Thom Gatewood

No. 83
- Positions: Tight end, wide receiver

Personal information
- Born: March 7, 1950 (age 76) Baltimore, Maryland, U.S.
- Listed height: 6 ft 3 in (1.91 m)
- Listed weight: 215 lb (98 kg)

Career information
- High school: Baltimore City College
- College: Notre Dame (1968–1971)
- NFL draft: 1972: 5th round, 107th overall pick

Career history
- New York Giants (1972–1973);

Awards and highlights
- Consensus All-America (1970); Second-team All-American (1971);

Career NFL statistics
- Games played: 17
- Stats at Pro Football Reference
- College Football Hall of Fame

= Thom Gatewood =

American football player (born 1950)

Thomas Gatewood Jr. (born March 7, 1950) is an American former professional football player who was a wide receiver in the National Football League (NFL). He was selected by the New York Giants in the fifth round of the 1972 NFL draft. He played college football for the Notre Dame Fighting Irish.

==Early life==
Gatewood grew up in Baltimore. He was second of Thomas and Wilhelmina’s six children. He attended Baltimore City Public Schools where he was a straight-A student. Unbeknownst to his parents, who emphasized academics, he played football in high school at Baltimore City College where he started as a sophomore on a junior varsity that was undefeated and unscored upon.
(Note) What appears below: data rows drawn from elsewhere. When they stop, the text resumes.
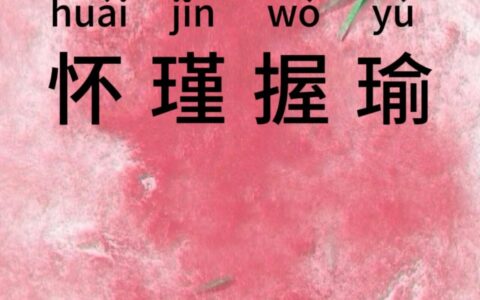 怀瑾握瑜的释义_解释_出处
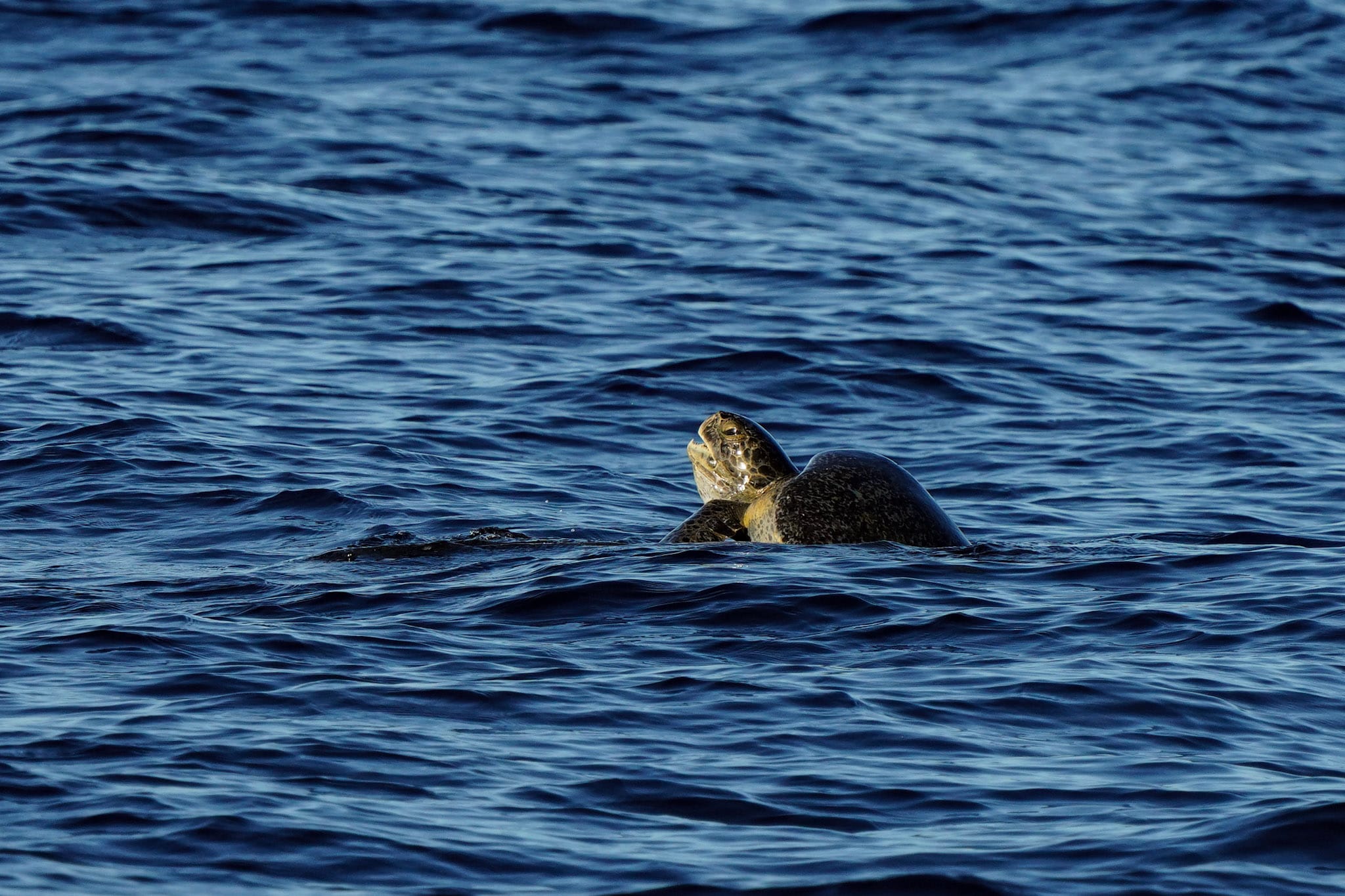 Mes de los Océanos en Panamá proteger manglares es proteger el Océano image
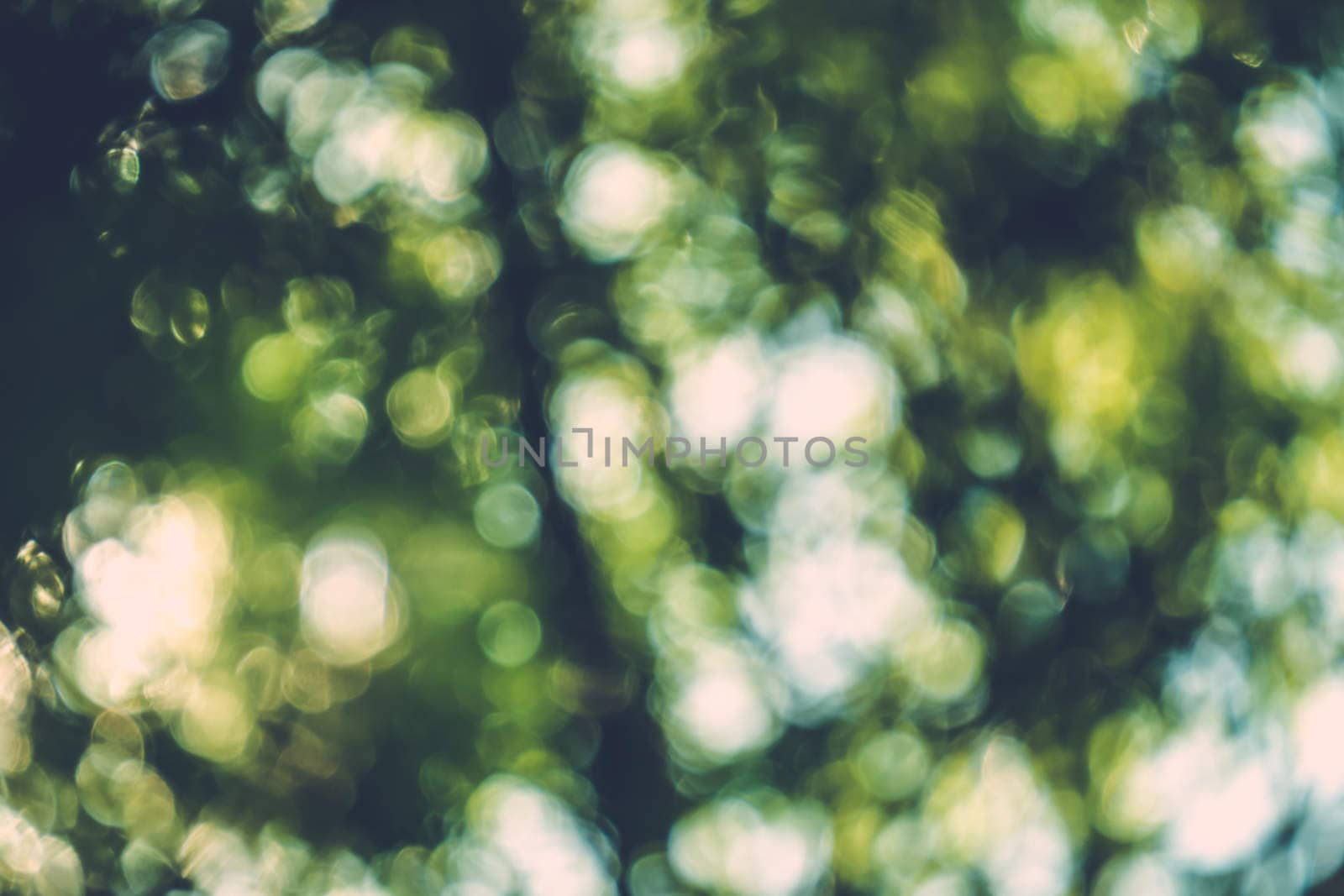 abstract natural blur background, defocused leaves, bokeh by teerawit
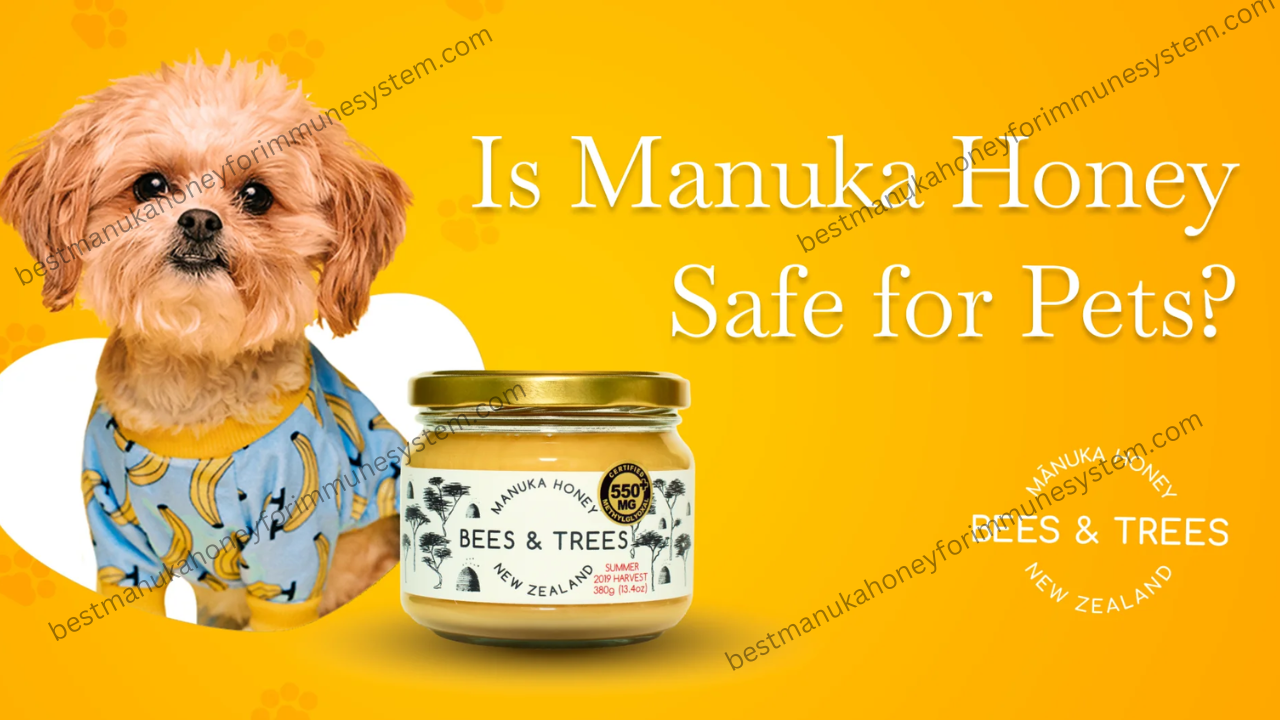 Can Manuka Honey Be Used as a Pet Supplement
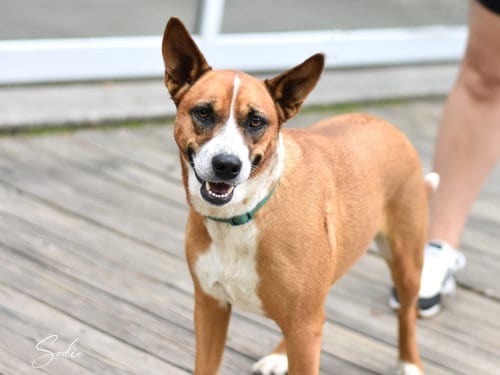 Photo of Addie, adoptable Australian Cattle Dog/Blue Heeler in Montgomery, Texas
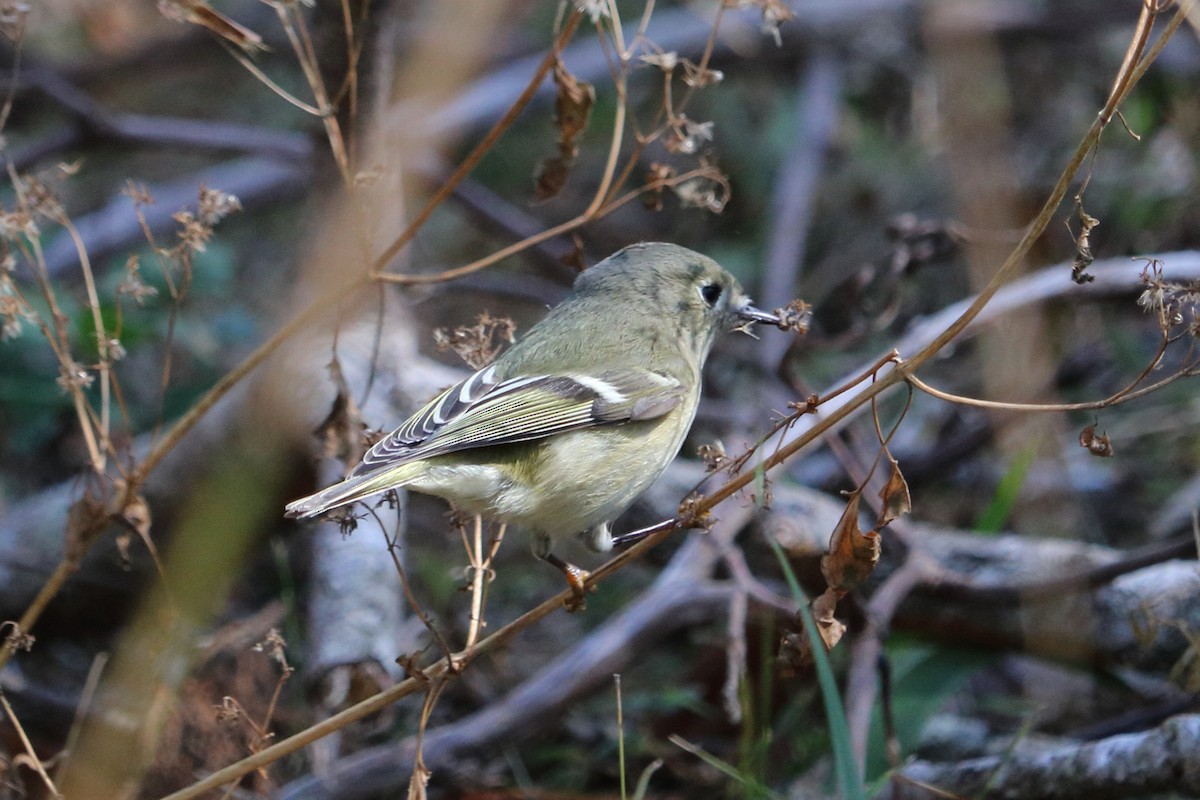 Ruby-crowned Kinglet - ML83273241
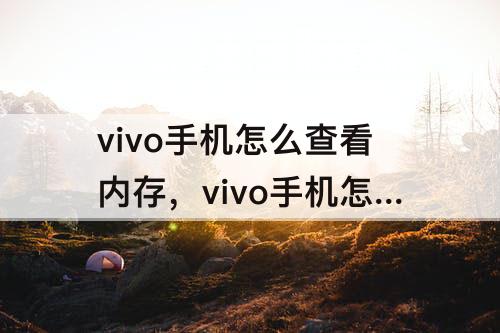 vivo手机怎么查看内存，vivo手机怎么查看内存卡内容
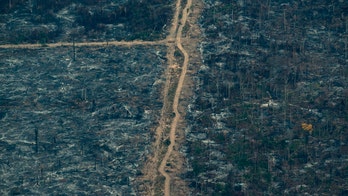 Amazon fires spur Brazil to ban most burning for 60 days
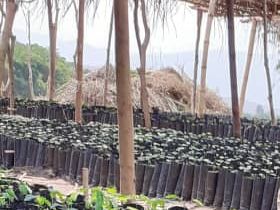 saplings to be planted in the Mitumba Mountain range.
He then started at wide receiver/tight end in both his junior and senior years. He was coached by George Young, who later became the General Manager of the New York Giants. His teams won championships both years and he was recruited by dozens of schools.

==College career==
While at Notre Dame, Gatewood set many receiving records, many of which were not broken until at least 30 years later. During his career he had 157 receptions for 2,283 yards and 19 touchdowns. In 1970, he was a consensus All-American after a then school record 77 receptions for 1,123 yards. The record was broken in 2006 by Jeff Samardzija who had 78. His 157 career receptions were also a record until 2006 when both Samardzija and Rhema McKnight broke it. Gatewood still holds the record for the most catches per game in a season with 7.7. Gatewood was the first African-American captain at Notre Dame.

==Professional career==
Gatewood was selected 107th overall by the New York Giants in the fifth round of the 1972 NFL draft. He played in seventeen games over two seasons, recording no receptions.

==College Football Hall of Fame==
On January 9, 2015, the National Football Foundation announced that Gatewood would be inducted into the College Football Hall of Fame later that year.

==Personal life==
His grandson, A. J. Dillon, is an American football running back for the Carolina Panthers. He played college football for the Boston College Eagles.